** Source information **

┌──

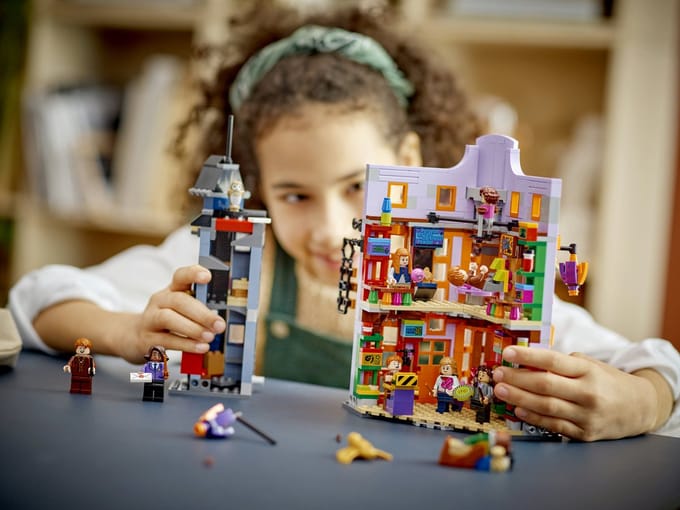 LEGO Harry Potter De Wegisweg: De Tovertweelings Topfopshop 2in1 Set - 76422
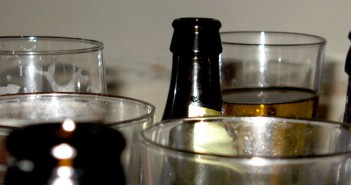 Risk of alcohol-related cancer lowers the intention for binge drinking in college students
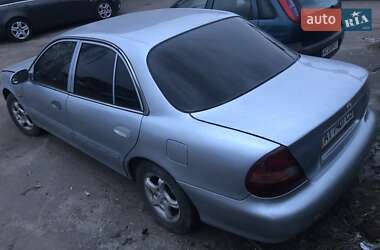 Седан Hyundai Sonata 1998 в Березане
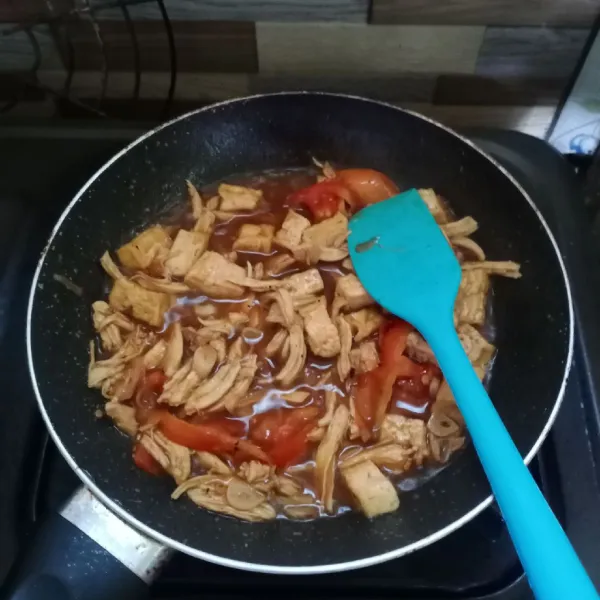 Masak sampai bumbu meresap dan kuah menyusut. Cek rasa. Angkat dan sajikan.
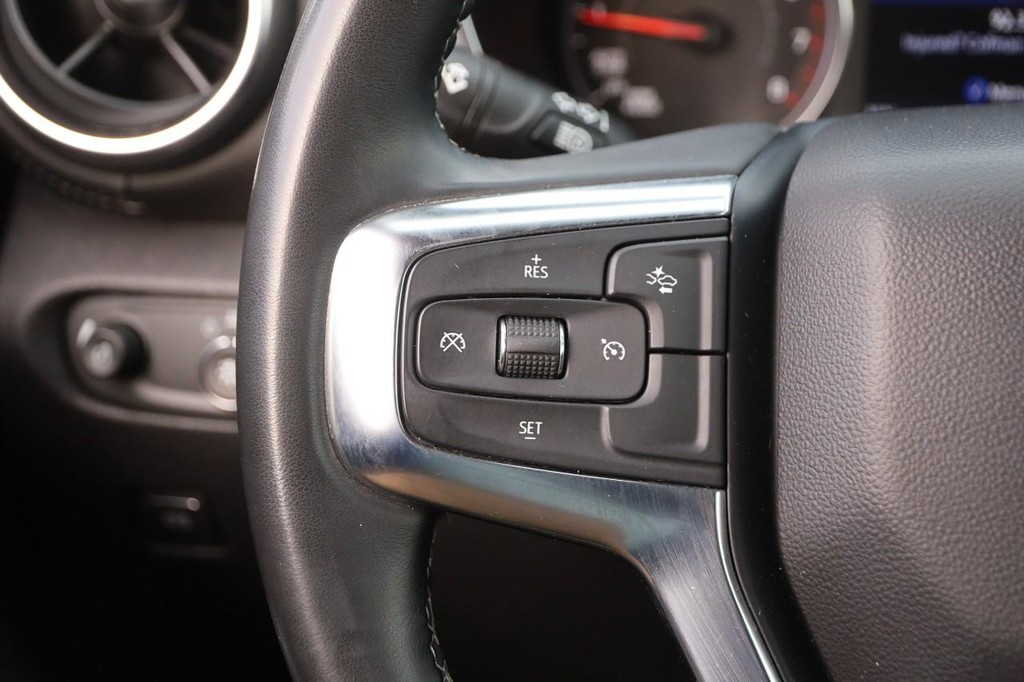 Chevrolet Blazer Vehicle Full-screen Gallery Image 12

└──

** Problem statement **
Every line above should be transcribed word for word; leave the pictures out.

** Solved exercise **
 LEGO Harry Potter De Wegisweg: De Tovertweelings Topfopshop 2in1 Set - 76422
 Risk of alcohol-related cancer lowers the intention for binge drinking in college students
 Седан Hyundai Sonata 1998 в Березане
 Masak sampai bumbu meresap dan kuah menyusut. Cek rasa. Angkat dan sajikan.
 Chevrolet Blazer Vehicle Full-screen Gallery Image 12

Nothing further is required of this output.